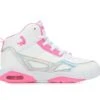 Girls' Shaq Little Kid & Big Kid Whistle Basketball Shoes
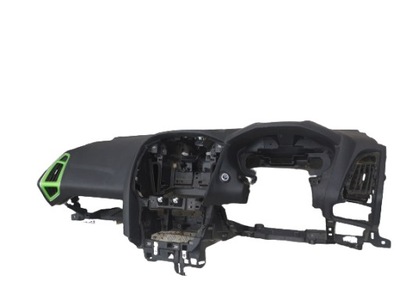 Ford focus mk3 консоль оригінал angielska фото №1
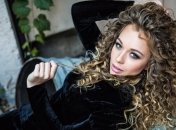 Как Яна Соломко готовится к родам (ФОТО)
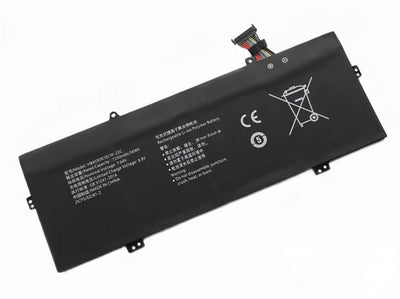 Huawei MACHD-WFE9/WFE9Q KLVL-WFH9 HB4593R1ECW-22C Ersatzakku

────────────────────

TASK BRIEF -
The lines from the one containing "Ford focus mk3" up to and including the last line of the material above are to be given again exactly; any pictures are dropped.

FINISHED TASK -
 Ford focus mk3 консоль оригінал angielska фото №1
 Как Яна Соломко готовится к родам (ФОТО)
 Huawei MACHD-WFE9/WFE9Q KLVL-WFH9 HB4593R1ECW-22C Ersatzakku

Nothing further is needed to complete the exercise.